谷卓原来是锦安机床厂的普通职工,在王家栋当厂长的时候,把她调到了厂团支部任支部书记。王家栋任亢州市委组织部长后,把谷卓调出机床厂,就任原城关镇派出副所长,后来又被保送到省警校脱产学习两年,毕业后回到亢州公安局,不久被提拔为副局长,在一次全省范围内的严打抓捕了一名通缉犯,荣立二等功。在颁奖仪式上,被省公安厅一位副厅长看中,直接调到了省公安厅,后来这位省委副书记调到深圳任职,谷卓随即也到了深圳工作,并且在深圳罗湖海关一个很重要的部门担任负责人。
据说,当年调谷卓出来,并不是谷卓找的王家栋,而是张怀。张怀当年组织乡镇企业厂长和经理到机床厂参观,看上了漂亮的团支书谷卓,一来二去就和谷卓认识了。最滑稽的就是张怀用自行车带着谷卓,大摇大摆的进了县委大院来找组织部长王家栋,当时许多人的眼睛都瞪了出来。那个年代,一个局长,带着一个不是自己妻子的漂亮女人到县委大院,可想而知其轰动效果有多大。
等王家栋看见谷卓的那一瞬间,张怀立刻就知道自己错了,原来他们认识,本来还带着几分炫耀心情的张怀,就预感到为人做嫁衣了。本来想把谷卓留在乡镇企业局的张怀,不但不能天天看见美人,而且还当了的谷卓的垫脚石。眼看着谷卓被王家栋安排到城关镇派出所当上了副所长,跟王家栋的关系越走越近,张怀就像一个被人抛弃的不娃娃,可怜兮兮的看着谷卓步步高升。也有的人说张怀本来就是自取其辱,王家栋在机床厂的时候就喜欢谷卓,他等于给王家栋和谷卓重修旧好提供了良机,做了顺水推舟的事。
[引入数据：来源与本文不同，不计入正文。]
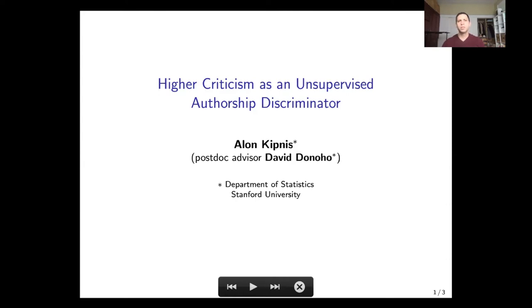My name is Alon Kipnis, and I would like to briefly explain a technique for authorship discrimination that can be applied out of the box in a variety of settings — namely, it does not require handcrafting or tuning.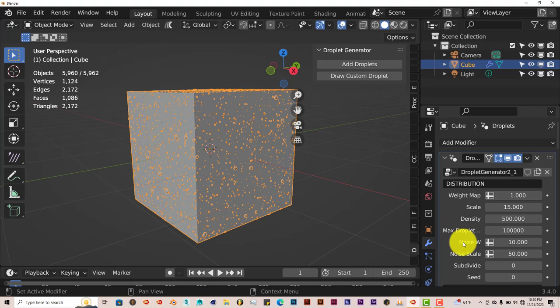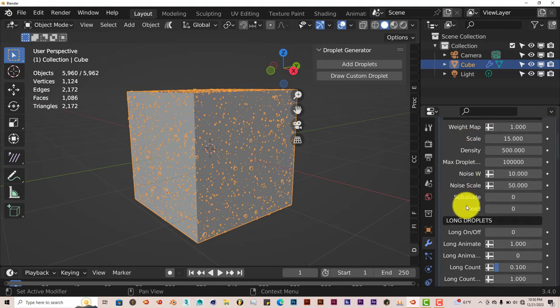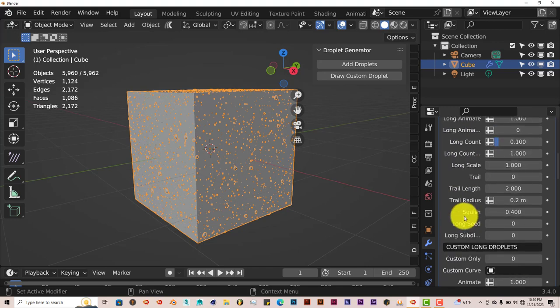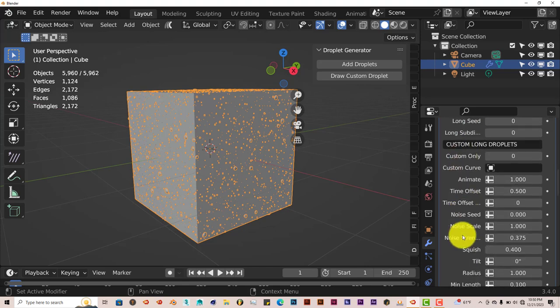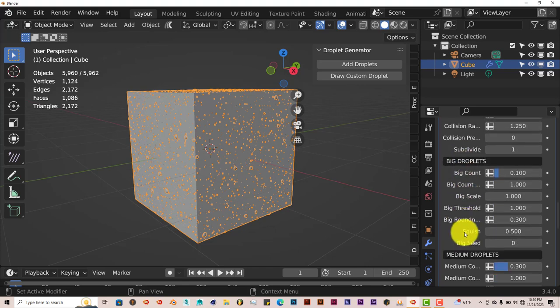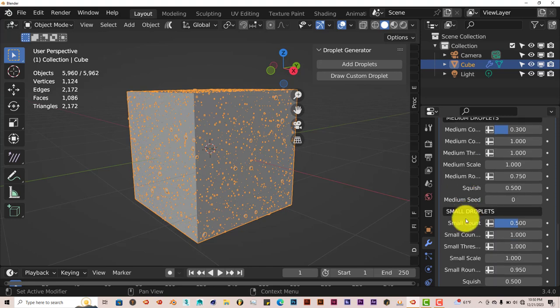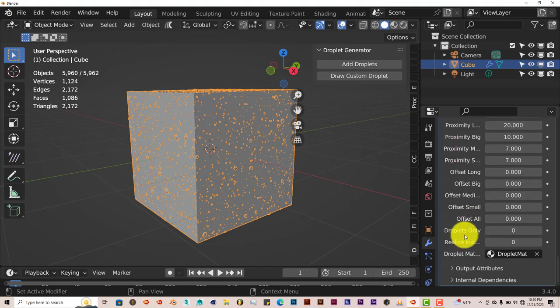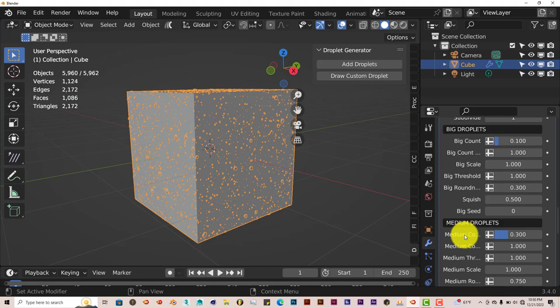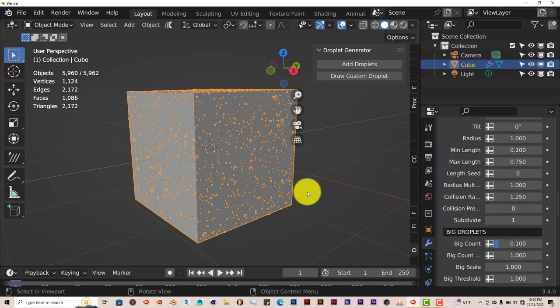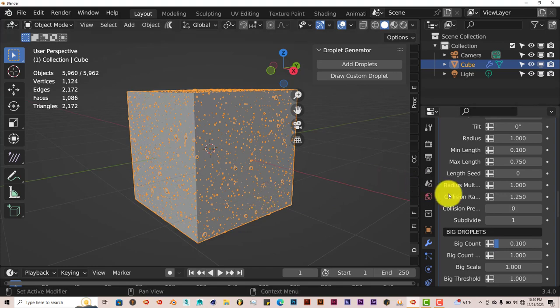The modifier stack has settings for the distribution, long droplets, custom long droplets, big droplets, medium droplets, small droplets, advanced, and that's pretty much it. You can customize the droplets to your heart's desire, as much as possible, but be careful when you change some parameters because it can give you some strange results.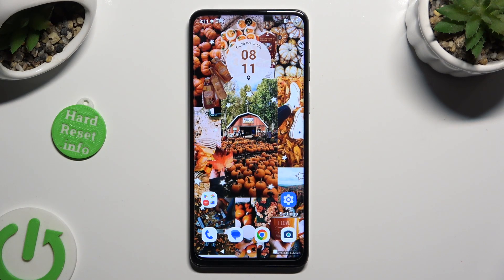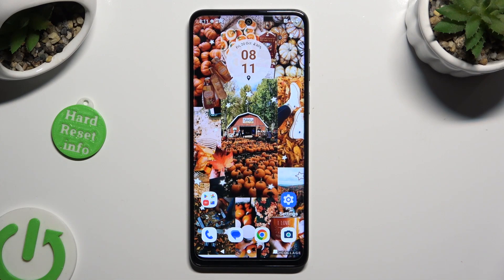Hi, in front of me is Motorola G54 and today I would like to show you how you can manage adaptive brightness.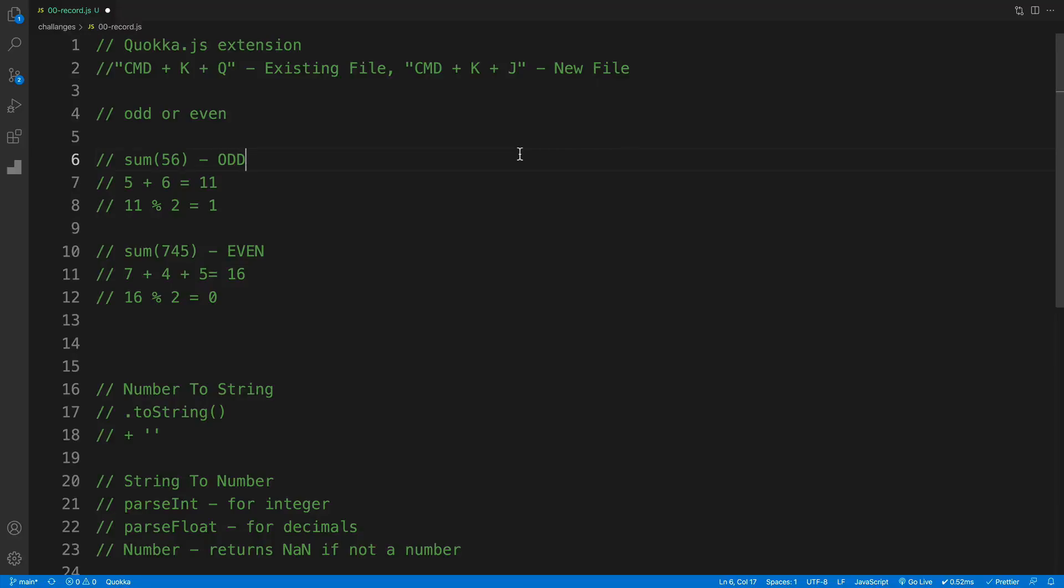What's up everybody, this is John from Coding Attic. And welcome to another JavaScript challenge video. And in this video, we'll check whether the sum of numbers is even or odd.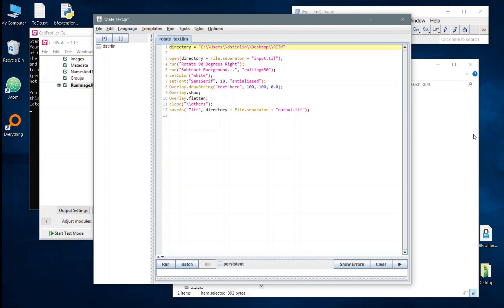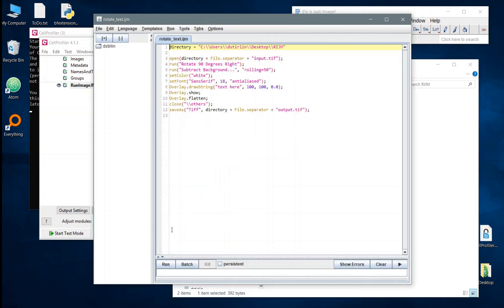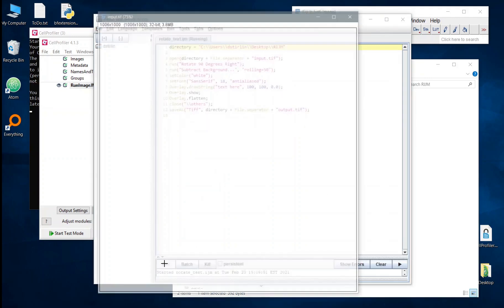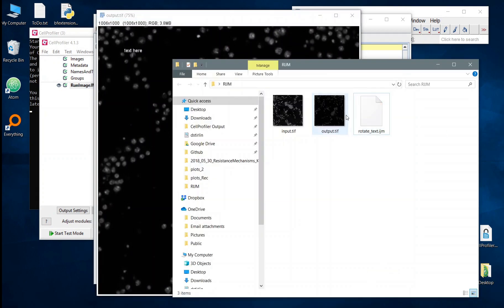So at the moment this is set up to just execute within the folder here that I've made for demonstration. If I were to run this it should hopefully add some text to the image, rotate it a bit and then save it into that folder as output.tif. That is what CellProfiler in a temporary directory will be attempting to load in.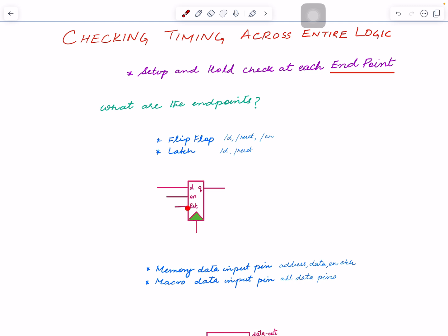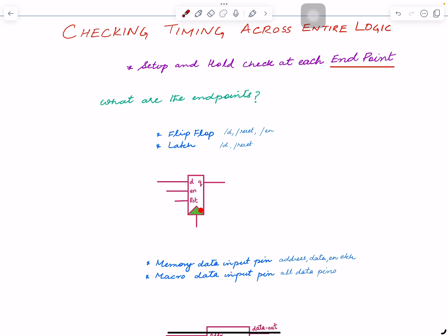D, enable, and reset — you want to check whether the signal that arrives meets the setup time of those endpoints. The starting point in the flip-flop case is the clock through Q — that is your launch point or starting point. Each input pin other than clock will have a setup time check. Another example is latch, which works similarly — the D input pin is also an endpoint.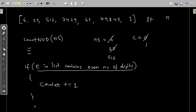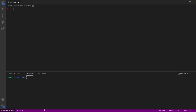After traversing the entire array or list, just print the value of the counter, which will contain the count of numbers containing an even number of digits. Observing this list, it contains three such numbers: 23, 7429, and 61. So the output should be three. Now we can convert this idea into actual code.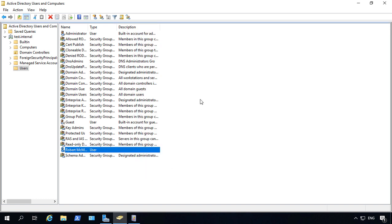So that's how we create a user account in Windows Server 2019 Active Directory.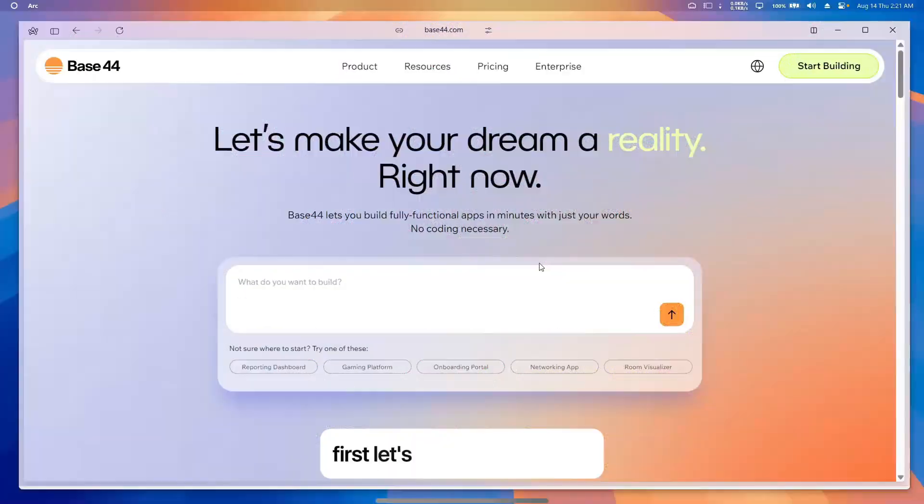In this video I want to compare Base 44 versus Replete versus Cursor and tell you which one is the best. Watch this video till the end to not miss any important information. First, let's talk about Base 44.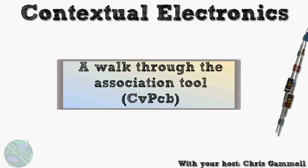Welcome back to Contextual Electronics. This video is going to be about a walk through the association tool, also called CVPCB, and it's the stage you need to do between your schematic and your layout.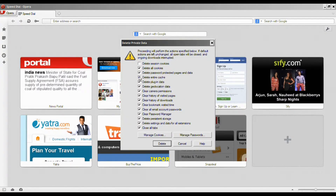Now tick the checkbox options that you wish to delete, and then click on the Delete button.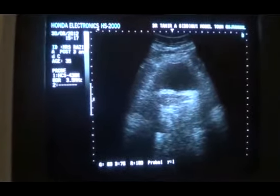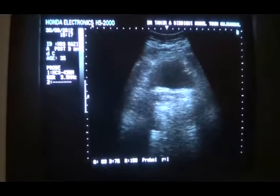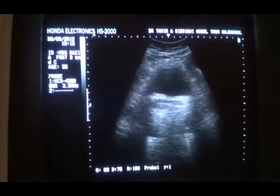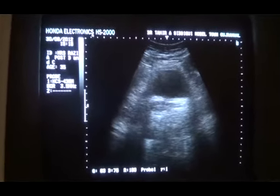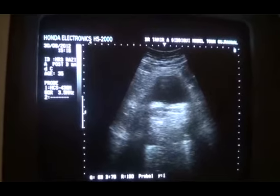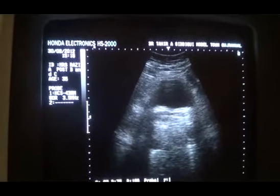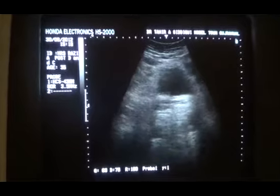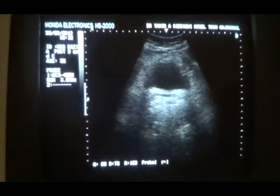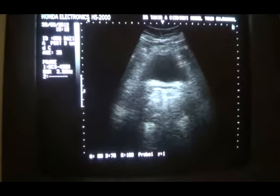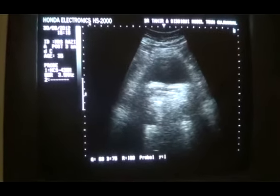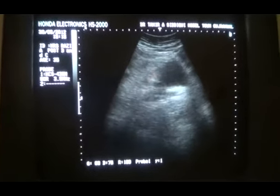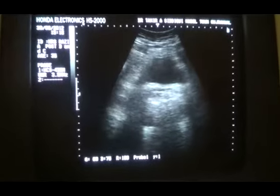We are going to scan a patient aged 35 years. She had a DNC of a 5-month pregnancy. Yesterday the DNC was performed and now she is complaining of severe generalized abdominal pain with passage of clots.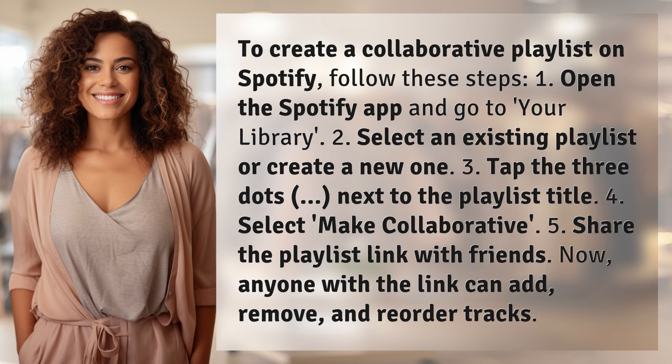1. Open the Spotify app and go to your library. 2. Select an existing playlist or create a new one. 3. Tap the three dots next to the playlist title. 4. Select Make Collaborative. 5. Share the playlist link with friends.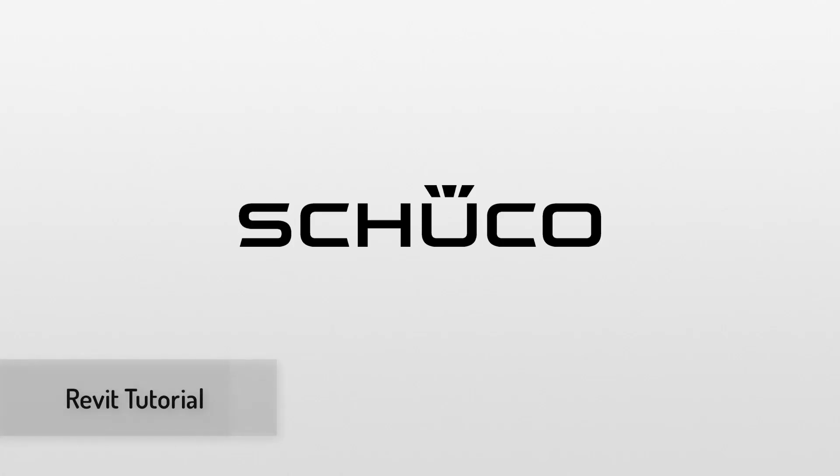Welcome to SHUKO! My name is Chantal and today I'm going to show you the SHUKO planning data for the Autodesk Revit Software.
后来,县纪委和锦安地区就接到了一封举报信,举办王家栋利用手中职权玩弄女性,其中被点名的就是谷卓。时任锦安地区行署副专业的樊文良刚刚到任就接到了这封信,他对这种不署名并且捕风捉影的举报信比较反感,采取不预调查不预理睬的处理方法,压下了这封信,但是对被举报人的敲打还是要进行的,就把王家栋叫来,很直接而且又很委婉要他注意工作方法,特别是在对女干部的提拔上尤其注意。
王家栋是谁呀,马上就意识到了这封信是谁干的,从那以后,两人心里便结下了难解的结。
但是,没几年,王家栋就遭受到了和张怀一样的境遇,谷卓攀上高枝远走高飞了,空留下两个男人对她不同的念想。所以,王家栋这次不出门接待谷卓也是有情可原。试想,见面又能怎么样,又能怎样诉说彼此的这种久违?
彭长宜没想到,他替部长接待的这个人就是曾经在亢州政坛上充满传奇色彩的女人。他突然想到自己一个人接待她有些孤单,但是部长说过只让他一人知道就行了,显然部长不愿彭长宜以外的人知道,更不想让熟识她的人知道。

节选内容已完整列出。